License : Creative Commons Attribution 4.0 International (CC BY-NC-SA 4.0)
Copyright :
Frédéric Pennerath,
CentraleSupelec
Last modified : April 19, 2024 10:22
Link to the source : threads.md
Table of contents
Time management
To talk about threads, we first need to know how to manage time and timers.
Key points
Provide a strongly-typed, generic and elegant way of programming with time and timers:
- Header file is
chrono - Define three types of objects
- Durations : signed number associated some time units (seconds, minutes, etc)
- Instants: durations with respect to a given time of reference.

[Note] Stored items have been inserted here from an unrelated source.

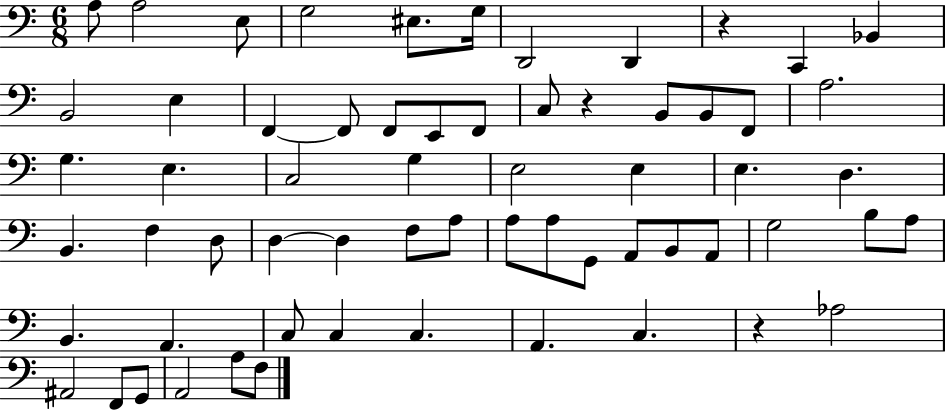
{
  \clef bass
  \numericTimeSignature
  \time 6/8
  \key c \major
  a8 a2 e8 | g2 eis8. g16 | d,2 d,4 | r4 c,4 bes,4 | \break b,2 e4 | f,4~~ f,8 f,8 e,8 f,8 | c8 r4 b,8 b,8 f,8 | a2. | \break g4. e4. | c2 g4 | e2 e4 | e4. d4. | \break b,4. f4 d8 | d4~~ d4 f8 a8 | a8 a8 g,8 a,8 b,8 a,8 | g2 b8 a8 | \break b,4. a,4. | c8 c4 c4. | a,4. c4. | r4 aes2 | \break ais,2 f,8 g,8 | a,2 a8 f8 | \bar "|."
}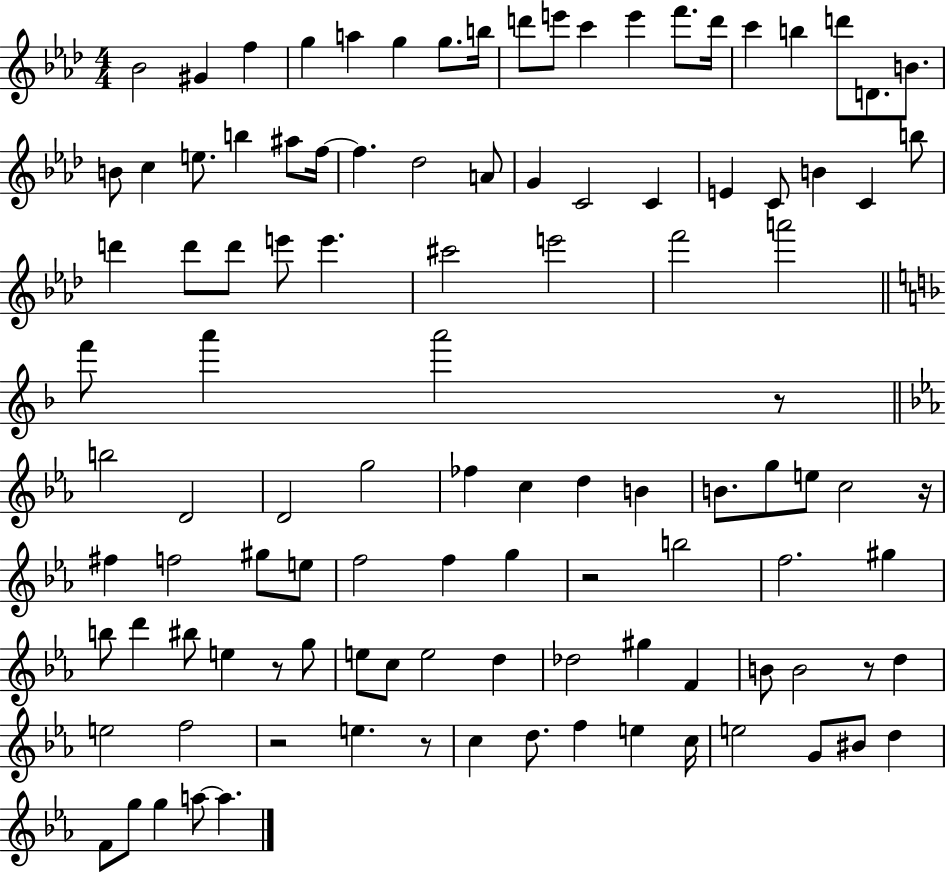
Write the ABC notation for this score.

X:1
T:Untitled
M:4/4
L:1/4
K:Ab
_B2 ^G f g a g g/2 b/4 d'/2 e'/2 c' e' f'/2 d'/4 c' b d'/2 D/2 B/2 B/2 c e/2 b ^a/2 f/4 f _d2 A/2 G C2 C E C/2 B C b/2 d' d'/2 d'/2 e'/2 e' ^c'2 e'2 f'2 a'2 f'/2 a' a'2 z/2 b2 D2 D2 g2 _f c d B B/2 g/2 e/2 c2 z/4 ^f f2 ^g/2 e/2 f2 f g z2 b2 f2 ^g b/2 d' ^b/2 e z/2 g/2 e/2 c/2 e2 d _d2 ^g F B/2 B2 z/2 d e2 f2 z2 e z/2 c d/2 f e c/4 e2 G/2 ^B/2 d F/2 g/2 g a/2 a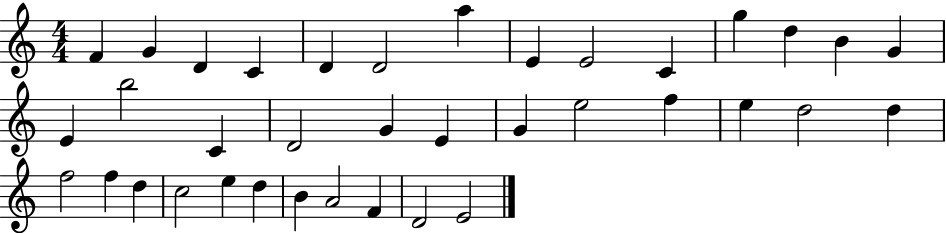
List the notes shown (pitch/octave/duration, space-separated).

F4/q G4/q D4/q C4/q D4/q D4/h A5/q E4/q E4/h C4/q G5/q D5/q B4/q G4/q E4/q B5/h C4/q D4/h G4/q E4/q G4/q E5/h F5/q E5/q D5/h D5/q F5/h F5/q D5/q C5/h E5/q D5/q B4/q A4/h F4/q D4/h E4/h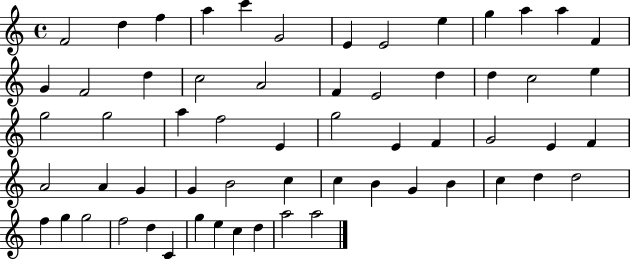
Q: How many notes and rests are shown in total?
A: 60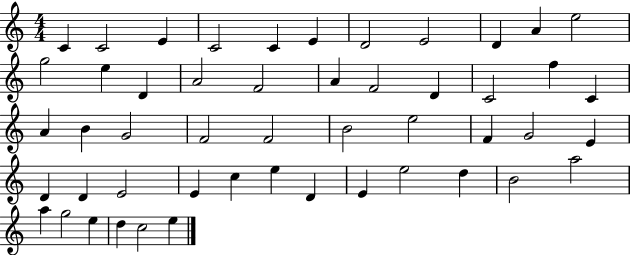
C4/q C4/h E4/q C4/h C4/q E4/q D4/h E4/h D4/q A4/q E5/h G5/h E5/q D4/q A4/h F4/h A4/q F4/h D4/q C4/h F5/q C4/q A4/q B4/q G4/h F4/h F4/h B4/h E5/h F4/q G4/h E4/q D4/q D4/q E4/h E4/q C5/q E5/q D4/q E4/q E5/h D5/q B4/h A5/h A5/q G5/h E5/q D5/q C5/h E5/q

- Clocks: define a time reference and produces instants with respect to the clock time reference and clock resolution.
- Requires compile-time computation of rational numbers (header
ratio)
Durations
#include <chrono> // Header file to manage times and timers
// A duration is a multiple of a time unit encoded as a fraction of seconds.
// For example the next duration type will contain multiples of hundredths of a second
using hundredths_t = std::chrono::duration<long,std::ratio<1,100>>; // std::ratio<1,100> encodes fraction 1/100
hundredths_t t {100}; // t is 100/100 = 1 second
t = 10; // Error : 100 has no unit
long n = t.count(); // n is equal to 100
// Many convenient type alias (C++11) and literals (C++14) are available
// First let us import chrono literals into the root namespace.
using namespace std::literals; // Import all literals
using namespace std::chrono_literals; // Import only chrono literals
using namespace std::chrono; // Import all members of namespace std::chrono
std::chrono::nanoseconds nanos = 1ns; // Equivalent to std::chrono::duration<long long,std::nanos>
std::chrono::microseconds micros = 1us;
std::chrono::milliseconds millis = 1ms;
std::chrono::seconds seconds = 1s;
std::chrono::minutes minutes = 1min;
std::chrono::hours hours = 1h;
// Implicit conversions are strongly typed and safe:
// 1) Comparisons take into account time units:
static_assert(1000ms == 1s);
static_assert(59min < 1h);
// 2) No loss of resolution, unless explicit, is possible:
minutes = heures; // Ok (implicit conversion of hours to minutes)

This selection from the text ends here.